MEMPHIS, Tenn., May 22, 2014 (GLOBE NEWSWIRE) -- via PRWEB - Researchers have identified differences in the genetic code of pneumococcal bacteria that may explain why it poses such a risk to children with sickle cell disease and why current vaccines don't provide better protection against the infection. St. Jude Children's Research Hospital scientists led the study, which appeared earlier this month in the journal Cell Host & Microbe.
The findings will aid efforts to improve vaccine effectiveness and inform research into new ways to protect young sickle cell disease patients from life-threatening pneumococcal infections that can lead to pneumonia, meningitis, bloodstream infections and other problems. Despite advances in preventive care, including vaccination and prophylactic antibiotic therapy, pneumococcal infections still pose a serious health risk to children with sickle cell disease, who are at a much greater risk of possibly fatal infection than are members of the general public.
The results followed whole genome sequencing of hundreds of pneumococcal bacteria collected from the public and patients with sickle cell disease. The genome is carried in the DNA molecule and includes the instructions necessary to assemble and sustain life.
The analysis showed the bacteria have adapted to sickle cell patients, including measures aimed at preventing infection. As a result, disease-causing strains of the bacteria differ in children with and without sickle cell disease. For example, the pneumococcal strains collected from sickle cell patients in this study differed from the 13 pneumococcal strains included in the current vaccine recommended for children age 5 and younger.
"The results help explain why current vaccines haven't been as successful at protecting children with sickle cell disease from pneumococcal infections as they have in protecting other children," said Joshua Wolf, M.D., an assistant member of the St. Jude Department of Infectious Diseases and one of the study's lead authors. The other first authors are Robert Carter, Ph.D., of the St. Jude Computational Biology department, and Tim van Opijnen, formerly of Tufts University School of Medicine, Boston, and now of Boston College.
Work is already underway on vaccines that take a different approach to priming the disease-fighting immune system to protect high-risk groups, including children with sickle cell disease, said the study's corresponding author, Jason Rosch, Ph.D., an assistant member of the St.
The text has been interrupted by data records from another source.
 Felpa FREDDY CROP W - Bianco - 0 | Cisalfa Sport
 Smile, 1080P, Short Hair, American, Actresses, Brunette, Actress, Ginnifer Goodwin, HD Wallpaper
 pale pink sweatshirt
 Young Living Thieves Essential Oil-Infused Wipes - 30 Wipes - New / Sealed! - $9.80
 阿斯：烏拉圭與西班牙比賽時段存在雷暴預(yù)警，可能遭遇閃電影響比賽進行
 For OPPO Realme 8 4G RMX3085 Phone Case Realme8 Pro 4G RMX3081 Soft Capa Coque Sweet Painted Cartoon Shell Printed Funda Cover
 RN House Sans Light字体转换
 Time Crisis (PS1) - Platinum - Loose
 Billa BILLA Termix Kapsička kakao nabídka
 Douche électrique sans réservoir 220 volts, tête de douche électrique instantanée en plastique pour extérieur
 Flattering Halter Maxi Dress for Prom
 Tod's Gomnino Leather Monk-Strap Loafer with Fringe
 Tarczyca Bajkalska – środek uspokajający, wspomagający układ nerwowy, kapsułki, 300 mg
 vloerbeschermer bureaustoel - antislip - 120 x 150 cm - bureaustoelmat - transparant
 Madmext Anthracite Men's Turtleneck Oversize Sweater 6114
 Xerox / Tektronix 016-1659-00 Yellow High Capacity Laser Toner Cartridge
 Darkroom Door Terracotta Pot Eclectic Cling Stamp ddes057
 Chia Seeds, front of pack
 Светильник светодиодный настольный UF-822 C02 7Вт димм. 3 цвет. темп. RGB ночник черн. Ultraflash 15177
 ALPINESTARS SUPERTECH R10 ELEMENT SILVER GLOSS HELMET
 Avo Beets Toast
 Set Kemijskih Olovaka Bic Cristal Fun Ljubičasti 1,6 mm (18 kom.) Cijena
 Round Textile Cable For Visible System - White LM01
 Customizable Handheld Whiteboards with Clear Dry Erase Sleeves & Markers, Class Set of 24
Jude Infectious Diseases department. "These results will help guide vaccine design going forward," he said.
Sickle cell disease is caused by an inherited mutation in the gene that carries instructions for making hemoglobin. That is the protein red blood cells use to carry oxygen. The mutation leaves red blood cells prone to the sickled shape that gives the disease its name and is also responsible for the episodes of intense pain, organ damage and other problems associated with the life-shortening disease. About 300,000 infants are born with sickle cell disease each year, making it the world's most common genetic disorder.
For this study, scientists compared the genomes of 322 pneumococcal bacteria collected from sickle cell patients between 1994 and 2011 to DNA from 327 strains obtained from individuals without sickle cell disease.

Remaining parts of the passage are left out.